Sobre la fachada posterior del edificio, se edifica generalmente un patio á la altura de las cocinas, y el piso bajo del lado de la calle llega á ser un primer piso, pues los amos entran, salen y reciben enteramente al abrigo de la curiosidad de los criados. El piso bajo contiene el comedor y los aposentos destinados á la infancia; el salon y la cámara de los amos ocupan el piso superior.
Pero este austero uso sonreia menos á Mad. F..., que adora á su hijo y posee bastante tacto para mimarle juiciosamente. Por eso contrasta de una manera ventajosa con la salvage cuadrilla de su cuñada. Los niños comen á parte y á otras horas que sus parientes.
Después de lo referido nada encontré que mereciera llamarme la atención, y de regreso á Lóndres, observé en el ángulo de Fleet−street la redacción del Sunday−Times, periódico del domingo y dedicado al pueblo, cuya redacción, cerrada la víspera, me habia escandalizado.
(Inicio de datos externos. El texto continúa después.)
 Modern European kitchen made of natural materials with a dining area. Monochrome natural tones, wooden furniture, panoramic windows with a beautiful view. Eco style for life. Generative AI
El sábado sir Roberto Peel había sostenido contra lord Palmerston, á propósito de los asintos de Grecia, su última lucha. Temible, elocuente como siempre, habia recibido, sin embargo, una interpelación, y el Sunday−Times cubrió de oprobio este nombre respetable. No podemos formarnos una idea de esta grosera licencia. Bajo las rúbricas de TRIMPH, de SHOCKING ACCIDENT AT S. ROBERTO PEEL, este noble campeón de las ideas progresivas era tratado de renegado, de criminal, de cobarde, de traidor, de atroz y de insolente.
Ahora bien, á la hora misma en que yo descifraba estas indignidades, Roberto Peel, volviendo del palacio de Buckingam, y atravesando Saint−James−Park, era lanzado sobre la arena de Constitution−Hill, por su caballo, que cayendo sobre él, aplastaba el cuerpo del célebre orador. El Sunday−Times se apresuró al dia siguiente á llenarle de elogios; la multitud leía con ansia el boletín sanitario del enfermo; la consternación habia llegado á su colmo. Lóndres pasó tres días en una contínua y profunda agitación, y vi á muchas personas que iban cinco veces al dia á saber el estado del enfermo á la puerta de Roberto Peel. Propagóse la noticia de que el tribuno habia empeorado. Al volver á mi casa tristemente impresionado por este público dolor, tan honroso para el representante y para sus mandantarios, pasé por debajo de los balcones de la residencia de Peel. La noche era muy oscura, los grupos mudos y vueltos hacia la verja, separada por un pequeño jardín, veían brillar una luz débil.
Al cabo de algunos minutos, un agente se asomó por la verja, y todos se aproximaron á él sin ruido. Este dijo en inglés y con una voz muy calmosa:
—Ha muerto...
Saqué mi reloj que señalaba la diez y cinco minutos.
Una hora después, todo Lóndres sabia el fatal suceso.
A la mañana siguiente desperté á mi amigo.
—¿Dónde vamos, me preguntó frotándose los ojos?
—Partimos á Oxford.
El tren directo atravesó tan rápidamente las sesenta y tres millas que separan á Londres, de la ciudad de los escolares, que al cabo de hora y medía llegamos á Oxford.